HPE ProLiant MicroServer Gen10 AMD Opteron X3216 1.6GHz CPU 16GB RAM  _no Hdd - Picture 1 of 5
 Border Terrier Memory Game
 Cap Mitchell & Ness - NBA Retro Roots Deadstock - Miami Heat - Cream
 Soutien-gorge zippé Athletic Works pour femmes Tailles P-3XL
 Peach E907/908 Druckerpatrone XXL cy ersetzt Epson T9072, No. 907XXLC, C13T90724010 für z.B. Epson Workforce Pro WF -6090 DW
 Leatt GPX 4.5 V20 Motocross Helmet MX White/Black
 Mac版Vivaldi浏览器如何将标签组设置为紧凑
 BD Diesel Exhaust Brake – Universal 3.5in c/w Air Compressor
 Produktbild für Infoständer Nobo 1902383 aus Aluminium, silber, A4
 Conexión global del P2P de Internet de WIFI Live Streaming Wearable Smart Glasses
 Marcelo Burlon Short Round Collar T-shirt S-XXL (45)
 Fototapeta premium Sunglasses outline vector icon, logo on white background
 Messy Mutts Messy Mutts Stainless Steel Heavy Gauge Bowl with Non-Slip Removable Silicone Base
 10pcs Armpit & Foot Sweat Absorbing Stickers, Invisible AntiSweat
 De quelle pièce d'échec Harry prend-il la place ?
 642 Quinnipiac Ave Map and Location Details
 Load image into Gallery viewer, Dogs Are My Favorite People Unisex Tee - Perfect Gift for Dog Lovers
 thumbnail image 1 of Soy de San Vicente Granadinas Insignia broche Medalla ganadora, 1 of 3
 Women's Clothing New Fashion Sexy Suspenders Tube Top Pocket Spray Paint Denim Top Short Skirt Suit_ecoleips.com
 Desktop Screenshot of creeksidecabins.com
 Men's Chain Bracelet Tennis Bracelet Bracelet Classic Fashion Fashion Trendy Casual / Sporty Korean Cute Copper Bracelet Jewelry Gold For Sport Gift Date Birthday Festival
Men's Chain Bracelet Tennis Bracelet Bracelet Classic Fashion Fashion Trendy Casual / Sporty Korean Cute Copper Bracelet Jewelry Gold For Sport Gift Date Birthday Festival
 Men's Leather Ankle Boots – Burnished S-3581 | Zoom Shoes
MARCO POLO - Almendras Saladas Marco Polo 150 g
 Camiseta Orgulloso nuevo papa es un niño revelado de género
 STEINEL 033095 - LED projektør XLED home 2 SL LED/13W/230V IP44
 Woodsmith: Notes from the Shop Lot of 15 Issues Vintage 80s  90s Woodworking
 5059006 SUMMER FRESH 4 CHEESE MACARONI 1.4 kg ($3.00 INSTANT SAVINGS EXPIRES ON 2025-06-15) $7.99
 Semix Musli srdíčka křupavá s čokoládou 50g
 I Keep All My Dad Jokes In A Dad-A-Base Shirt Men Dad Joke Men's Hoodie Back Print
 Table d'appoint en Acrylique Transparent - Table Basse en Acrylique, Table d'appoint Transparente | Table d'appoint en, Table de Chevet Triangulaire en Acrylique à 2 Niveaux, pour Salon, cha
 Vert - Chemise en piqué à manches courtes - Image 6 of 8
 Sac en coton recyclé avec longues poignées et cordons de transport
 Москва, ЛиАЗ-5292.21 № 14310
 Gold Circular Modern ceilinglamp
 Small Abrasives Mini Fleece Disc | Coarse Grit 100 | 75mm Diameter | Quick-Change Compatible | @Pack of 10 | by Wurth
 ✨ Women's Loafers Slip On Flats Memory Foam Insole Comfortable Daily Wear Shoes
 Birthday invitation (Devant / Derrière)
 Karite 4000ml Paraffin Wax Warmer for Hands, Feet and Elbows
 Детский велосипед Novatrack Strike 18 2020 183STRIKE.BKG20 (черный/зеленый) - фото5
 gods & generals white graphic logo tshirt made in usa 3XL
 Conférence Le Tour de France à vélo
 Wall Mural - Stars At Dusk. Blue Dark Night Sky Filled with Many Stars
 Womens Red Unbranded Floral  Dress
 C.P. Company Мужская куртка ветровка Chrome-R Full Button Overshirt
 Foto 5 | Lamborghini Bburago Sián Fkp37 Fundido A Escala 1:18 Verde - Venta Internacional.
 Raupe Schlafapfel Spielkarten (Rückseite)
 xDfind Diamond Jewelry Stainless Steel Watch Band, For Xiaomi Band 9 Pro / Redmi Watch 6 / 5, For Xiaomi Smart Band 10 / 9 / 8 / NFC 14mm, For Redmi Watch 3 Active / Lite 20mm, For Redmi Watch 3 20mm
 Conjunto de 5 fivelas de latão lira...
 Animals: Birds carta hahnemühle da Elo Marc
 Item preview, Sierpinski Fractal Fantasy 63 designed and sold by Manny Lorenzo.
-*-
> **EXERCISE DIRECTIONS**: An exact copy of every entry is required.

> **COMPLETED TASK**:
HPE ProLiant MicroServer Gen10 AMD Opteron X3216 1.6GHz CPU 16GB RAM  _no Hdd - Picture 1 of 5
 Border Terrier Memory Game
 Cap Mitchell & Ness - NBA Retro Roots Deadstock - Miami Heat - Cream
 Soutien-gorge zippé Athletic Works pour femmes Tailles P-3XL
 Peach E907/908 Druckerpatrone XXL cy ersetzt Epson T9072, No. 907XXLC, C13T90724010 für z.B. Epson Workforce Pro WF -6090 DW
 Leatt GPX 4.5 V20 Motocross Helmet MX White/Black
 Mac版Vivaldi浏览器如何将标签组设置为紧凑
 BD Diesel Exhaust Brake – Universal 3.5in c/w Air Compressor
 Produktbild für Infoständer Nobo 1902383 aus Aluminium, silber, A4
 Conexión global del P2P de Internet de WIFI Live Streaming Wearable Smart Glasses
 Marcelo Burlon Short Round Collar T-shirt S-XXL (45)
 Fototapeta premium Sunglasses outline vector icon, logo on white background
 Messy Mutts Messy Mutts Stainless Steel Heavy Gauge Bowl with Non-Slip Removable Silicone Base
 10pcs Armpit & Foot Sweat Absorbing Stickers, Invisible AntiSweat
 De quelle pièce d'échec Harry prend-il la place ?
 642 Quinnipiac Ave Map and Location Details
 Load image into Gallery viewer, Dogs Are My Favorite People Unisex Tee - Perfect Gift for Dog Lovers
 thumbnail image 1 of Soy de San Vicente Granadinas Insignia broche Medalla ganadora, 1 of 3
 Women's Clothing New Fashion Sexy Suspenders Tube Top Pocket Spray Paint Denim Top Short Skirt Suit_ecoleips.com
 Desktop Screenshot of creeksidecabins.com
 Men's Chain Bracelet Tennis Bracelet Bracelet Classic Fashion Fashion Trendy Casual / Sporty Korean Cute Copper Bracelet Jewelry Gold For Sport Gift Date Birthday Festival
Men's Chain Bracelet Tennis Bracelet Bracelet Classic Fashion Fashion Trendy Casual / Sporty Korean Cute Copper Bracelet Jewelry Gold For Sport Gift Date Birthday Festival
 Men's Leather Ankle Boots – Burnished S-3581 | Zoom Shoes
MARCO POLO - Almendras Saladas Marco Polo 150 g
 Camiseta Orgulloso nuevo papa es un niño revelado de género
 STEINEL 033095 - LED projektør XLED home 2 SL LED/13W/230V IP44
 Woodsmith: Notes from the Shop Lot of 15 Issues Vintage 80s  90s Woodworking
 5059006 SUMMER FRESH 4 CHEESE MACARONI 1.4 kg ($3.00 INSTANT SAVINGS EXPIRES ON 2025-06-15) $7.99
 Semix Musli srdíčka křupavá s čokoládou 50g
 I Keep All My Dad Jokes In A Dad-A-Base Shirt Men Dad Joke Men's Hoodie Back Print
 Table d'appoint en Acrylique Transparent - Table Basse en Acrylique, Table d'appoint Transparente | Table d'appoint en, Table de Chevet Triangulaire en Acrylique à 2 Niveaux, pour Salon, cha
 Vert - Chemise en piqué à manches courtes - Image 6 of 8
 Sac en coton recyclé avec longues poignées et cordons de transport
 Москва, ЛиАЗ-5292.21 № 14310
 Gold Circular Modern ceilinglamp
 Small Abrasives Mini Fleece Disc | Coarse Grit 100 | 75mm Diameter | Quick-Change Compatible | @Pack of 10 | by Wurth
 ✨ Women's Loafers Slip On Flats Memory Foam Insole Comfortable Daily Wear Shoes
 Birthday invitation (Devant / Derrière)
 Karite 4000ml Paraffin Wax Warmer for Hands, Feet and Elbows
 Детский велосипед Novatrack Strike 18 2020 183STRIKE.BKG20 (черный/зеленый) - фото5
 gods & generals white graphic logo tshirt made in usa 3XL
 Conférence Le Tour de France à vélo
 Wall Mural - Stars At Dusk. Blue Dark Night Sky Filled with Many Stars
 Womens Red Unbranded Floral  Dress
 C.P. Company Мужская куртка ветровка Chrome-R Full Button Overshirt
 Foto 5 | Lamborghini Bburago Sián Fkp37 Fundido A Escala 1:18 Verde - Venta Internacional.
 Raupe Schlafapfel Spielkarten (Rückseite)
 xDfind Diamond Jewelry Stainless Steel Watch Band, For Xiaomi Band 9 Pro / Redmi Watch 6 / 5, For Xiaomi Smart Band 10 / 9 / 8 / NFC 14mm, For Redmi Watch 3 Active / Lite 20mm, For Redmi Watch 3 20mm
 Conjunto de 5 fivelas de latão lira...
 Animals: Birds carta hahnemühle da Elo Marc
 Item preview, Sierpinski Fractal Fantasy 63 designed and sold by Manny Lorenzo.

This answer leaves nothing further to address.